■ What you should do
What you should give back is a precise copy of the lines below from the one containing "Acacia Wood and" through the one containing "The report can", with no pictures.

■ Records supplied
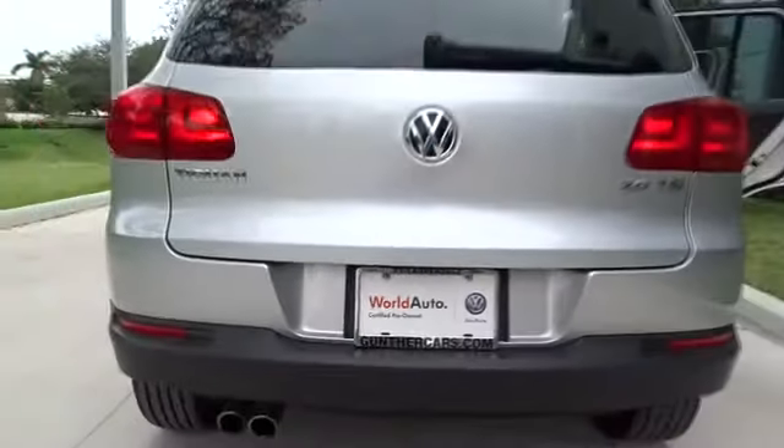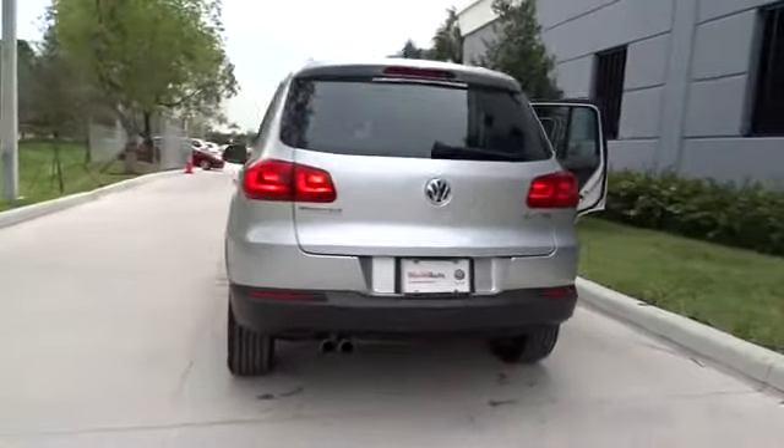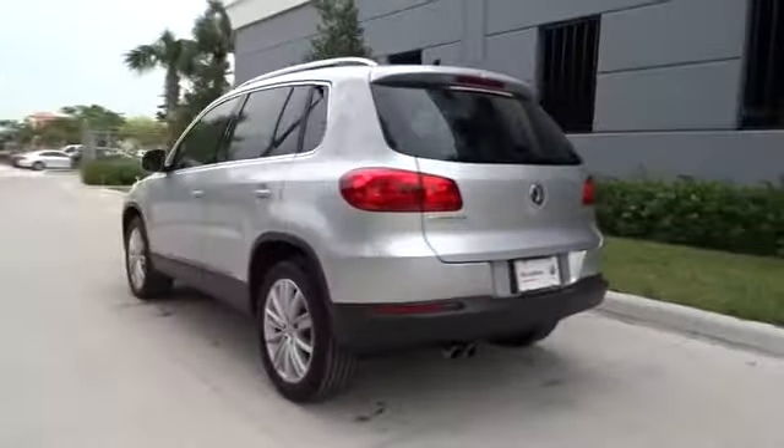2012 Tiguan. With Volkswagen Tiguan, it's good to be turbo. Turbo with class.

--

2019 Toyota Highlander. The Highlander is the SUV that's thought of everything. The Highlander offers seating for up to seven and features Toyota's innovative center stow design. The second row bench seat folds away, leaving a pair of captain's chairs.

==

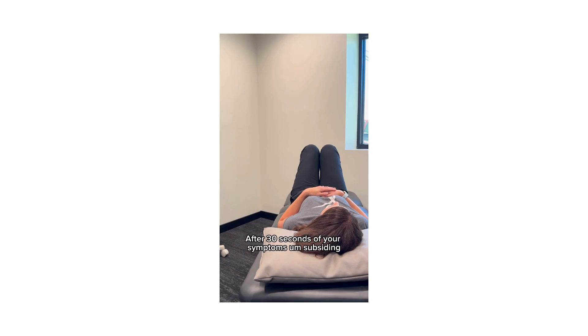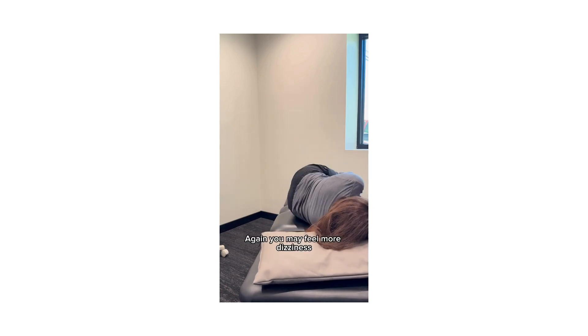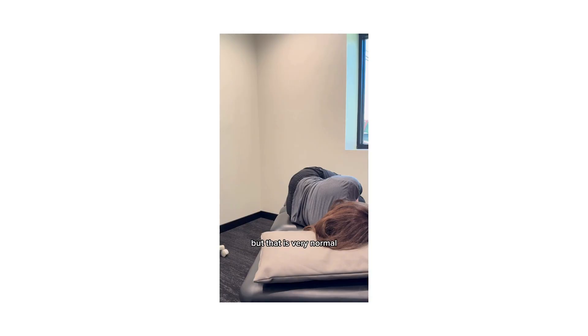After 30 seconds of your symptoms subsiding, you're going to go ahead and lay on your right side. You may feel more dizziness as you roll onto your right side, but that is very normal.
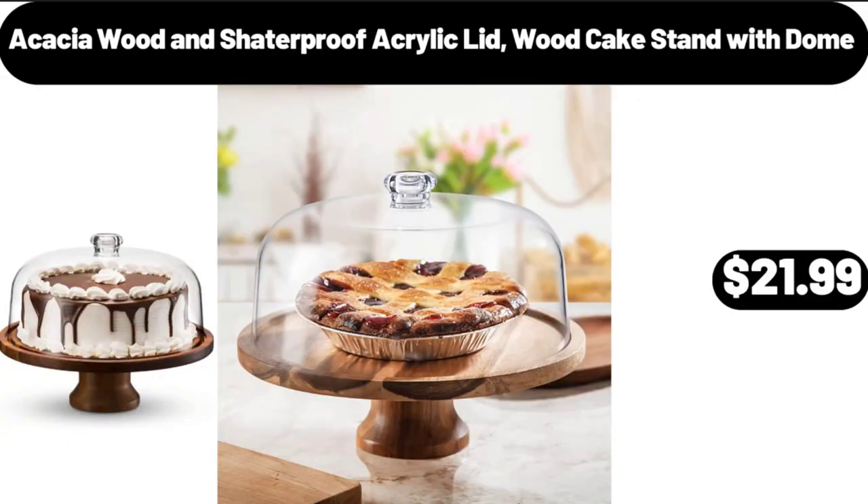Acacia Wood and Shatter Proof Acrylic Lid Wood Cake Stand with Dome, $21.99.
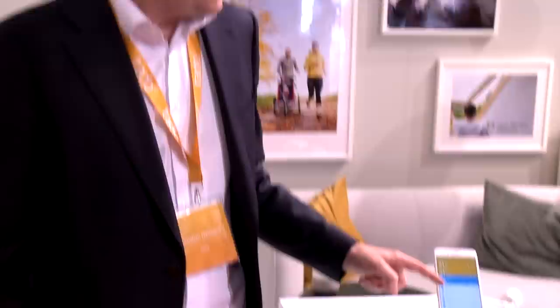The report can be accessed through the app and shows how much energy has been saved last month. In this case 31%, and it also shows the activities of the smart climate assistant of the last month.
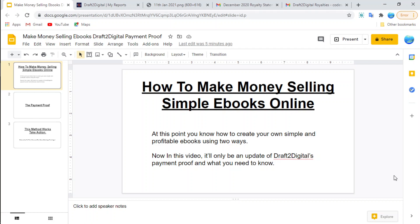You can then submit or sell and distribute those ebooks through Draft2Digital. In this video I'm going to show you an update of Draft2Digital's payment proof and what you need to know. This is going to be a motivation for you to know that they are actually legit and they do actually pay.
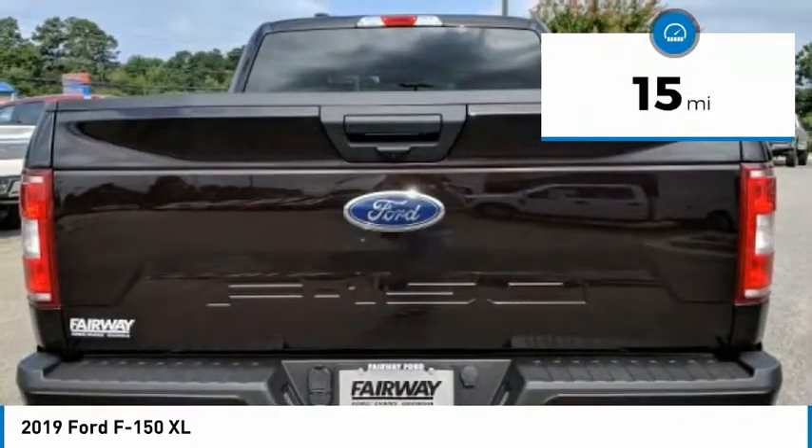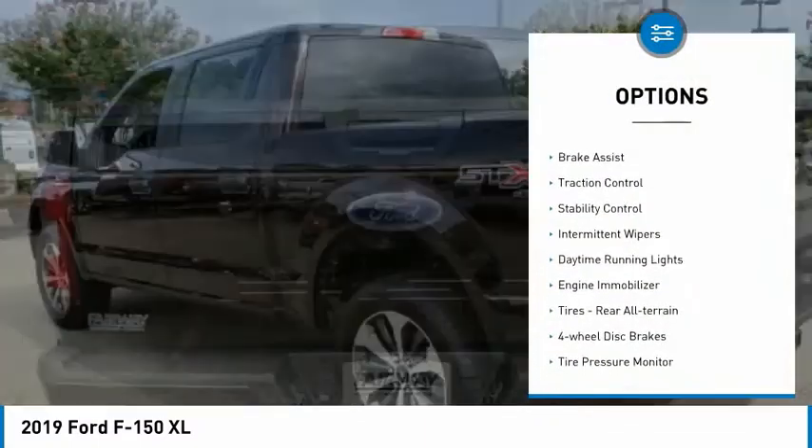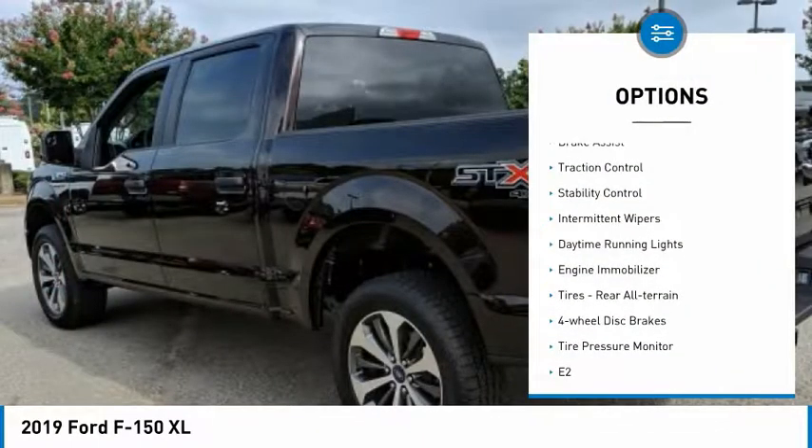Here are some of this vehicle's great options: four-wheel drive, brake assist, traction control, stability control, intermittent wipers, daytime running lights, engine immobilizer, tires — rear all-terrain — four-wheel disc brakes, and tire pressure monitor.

■ Result of the task
Acacia Wood and Shatter Proof Acrylic Lid Wood Cake Stand with Dome, $21.99.
The report can be accessed through the app and shows how much energy has been saved last month. In this case 31%, and it also shows the activities of the smart climate assistant of the last month.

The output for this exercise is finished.